I am blessed with a few special, wonderful, friends whose face-to-face interaction I would not trade for a Facebook page. I would miss their laughter, their facial expressions, their quips, their jokes, their heartfelt impromptus comments, the sound of their voices, the animated conversation about a movie or an event, the eyes rolling, even their anger. Things that digital media has not yet achieved in transmitting through the glare of a screen. We meet fewer people now, we gather less and when we do our bonds are not as meaningful because we are distracted by wanting to contact those who are not present. It is as if people are instantly bored with whoever is sitting in front of them and so they click and wait and click and wait for somebody else's page to chime in.
Don't wait for me. I promise that if I want to see pictures of your trip to Bumfuckville I will ask for them. If I want to know how bad the latest restaurant you tried is I will call you, or we can discuss it over two, or four, glasses of wine. Otherwise I really don't give a damn about what you had for breakfast, how your ferret is doing or if you picked up your dry cleaning. My interest in your digital life would be sparked, perhaps, by an Instagram of you on your knees, in the middle of the desert, with Jihadi John behind you brandishing a sword. Then I would probably spend a few seconds checking it out and evaluating how becoming orange is on you. Otherwise I have better ways of wasting my time.
It is called the Transparent Age; to me it's the Opaque Reality Age. Most people live in a state of absolute dependence of their own, often imagined, views. Face it, you are muttering to yourself. Nobody really gives a shit about what you say on your wall. "Your friends" might hit the like button only because they want you to do the same when they post some inanities on theirs. Your comments have also the power to piss off somebody else reading them even though they were not directed at them. The emptiness of it all makes me want to turn the TV on and find a televangelist. He is certainly more stimulating. And if I want to read something boring I will print the transcripts of a Ted Cruz filibuster. It's verbal garbage, blatherskite plain and simple. All those bits and pieces of useless narcissistic information are forever circling the internet like space junk. Everything is swallowed into oblivion but nothing goes away, and it is always retrievable, coming back to bite you when you least expect it. And all those pictures? Please, you are not taking and posting a selfie you are taking a lonely.

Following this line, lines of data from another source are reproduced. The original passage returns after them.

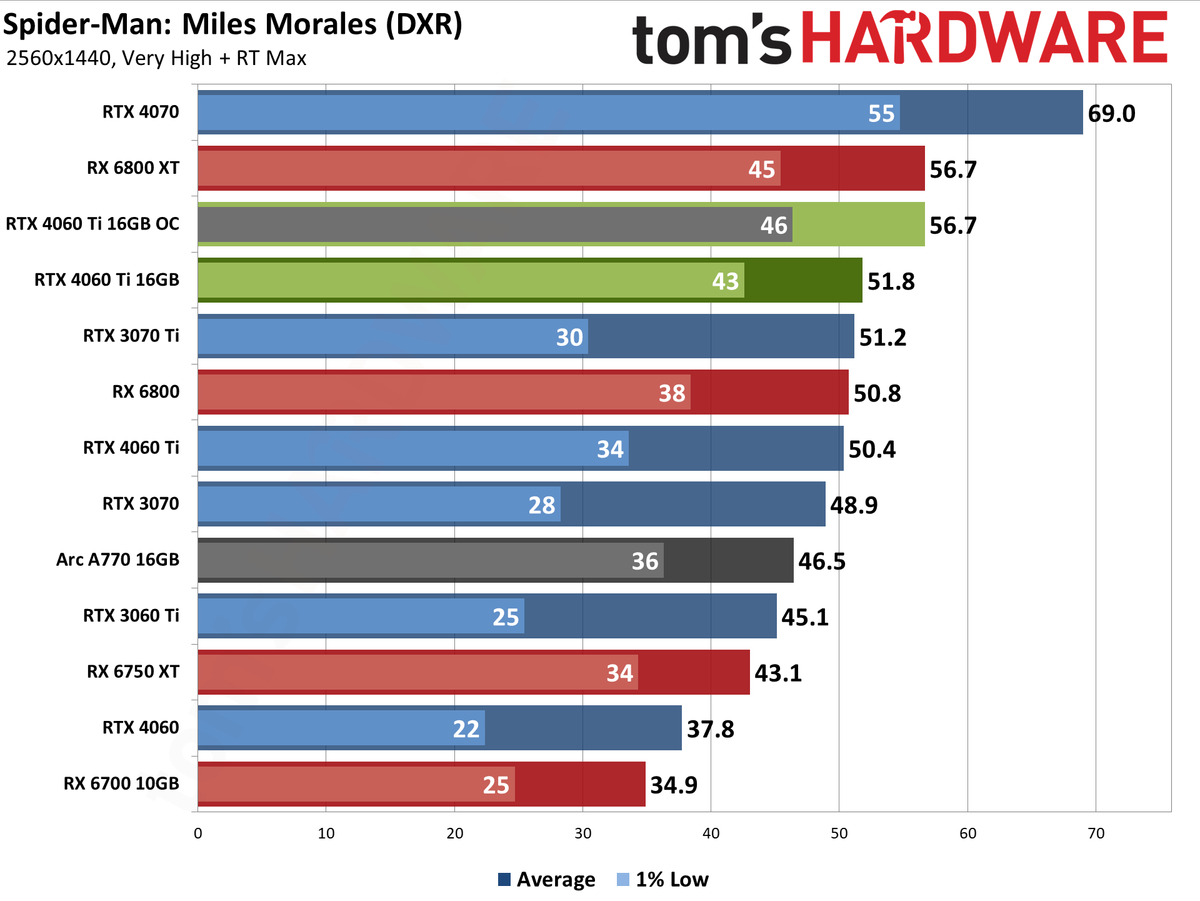Nvidia GeForce RTX 4060 Ti 16GB performance charts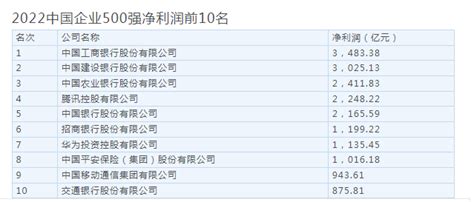 2022中国企业500强发布，这10家企业最赚钱净利润榜单腾讯控股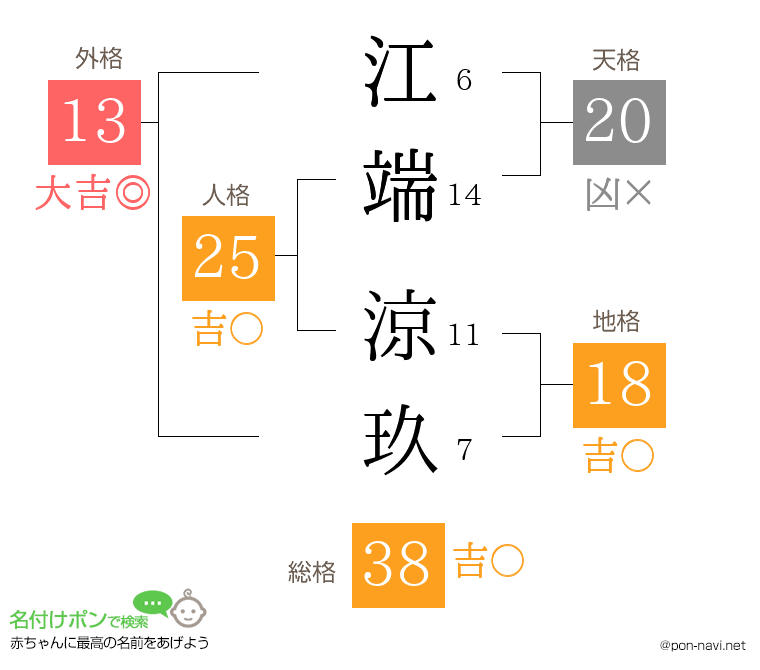江端 涼玖さんの姓名判断結果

The fad is "personal branding" and over share. In order to over share you need something captivating to share. Furthermore a "status update” is NOT status. The truth is that often we are more interesting when we remain silent. Facebook allows its users to “like” everything from photos, to pages, to comments, to statuses. The obsession is to garner the public approval of everyone on the web, checking the phone every 20 seconds to keep track of incoming likes and then reaching a virtual orgasm from witnessing the number of "thumbs up" increase.
Teenagers find it boring these days, the novelty is gone. So, does FB really matter? Is it still relevant? In the early days there was a rush to find everybody one could think of, amazed that it was possible, not considering whether they really wanted or not to reopen a contact with a long lost school chum or an estranged family member. Now people are busy with the sophomoric practice of "unfriending." It is so pointless; it’s a passive aggressive act. I long for the door slamming and shouted threats of never speaking again that got the point across clearly, not the cowardly click that quietly disconnects us. If you must, just grow apart, like you should.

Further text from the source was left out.